The safety shield / dust shroud is not going to win any beauty contests, it was pretty much slapped together, but it should
do the job. Not really visible in the photo is a separator on the inside that guards the pulley, assuring that any board that
might end up at angle doesn't find its way into the belt. There's a seam in the lexan because I was originally planning on an
11" long drum, and 12" lexan was readily available. The whole assembly just drops right over the pillow blocks and seems
to have enough mass to stay put.
Truing the Drum

Once you have everything ready the drum needs to be made perfectly
round and parallel to the table. Shim the pillow blocks until you get
the drum as parallel as you can manage. Then afix a piece of
sandpaper to a flat surface, bring the table up close and sand the drum
until all the marks on the drum are gone.
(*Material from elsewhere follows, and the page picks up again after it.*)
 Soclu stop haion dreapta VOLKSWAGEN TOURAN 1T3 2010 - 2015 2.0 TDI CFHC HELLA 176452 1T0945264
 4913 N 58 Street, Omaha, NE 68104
What you see in the picture is
what happens when you forget to unlock the table lock knob and take
so much off one side you have to shim it up again. I did that just for
illustrative purposes, of course.

Once the drum is trued be sure to ease the edges of the grooves to
allow the sandpaper to slide over them easily and not have a high spot.

Making Sawdust

The attachment of the sandpaper seems to work pretty well. When the
wedge is tightened you can see and feel the paper getting pulled tight.
It ends up so tight in fact when I went to remove the paper the wedge
had to be pried out with a screwdriver. It seems to be a one shot deal
with the paper though, once you take it off the crease prevents it from
tightening up properly if you try to reuse it.